**What you will do:** Set down, exactly and only, everything from the line containing "Environmental Mood Mapping" down to the line containing "Women's All-match Simple" in the data below; the pictures are not part of the copy.

**Input data:**
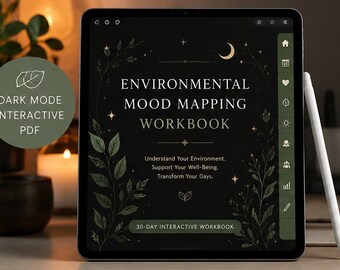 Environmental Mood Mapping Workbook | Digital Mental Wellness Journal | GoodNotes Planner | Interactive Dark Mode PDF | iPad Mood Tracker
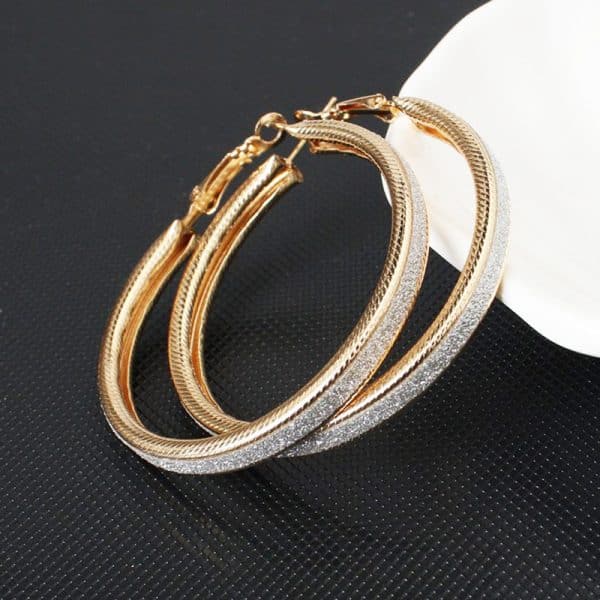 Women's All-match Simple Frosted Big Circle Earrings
---
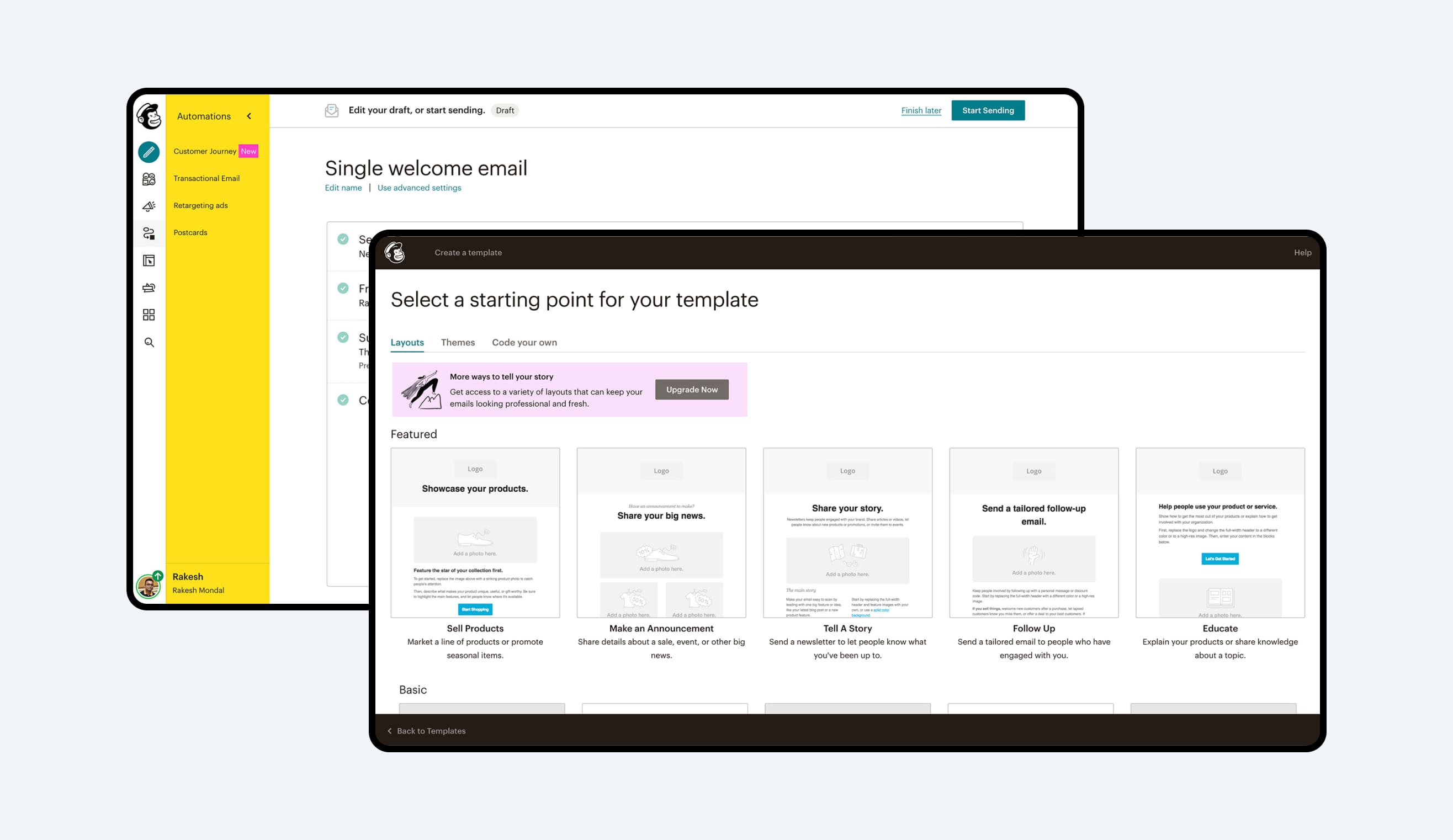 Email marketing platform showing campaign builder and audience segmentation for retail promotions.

**Expected answer:**
 Environmental Mood Mapping Workbook | Digital Mental Wellness Journal | GoodNotes Planner | Interactive Dark Mode PDF | iPad Mood Tracker
 Women's All-match Simple Frosted Big Circle Earrings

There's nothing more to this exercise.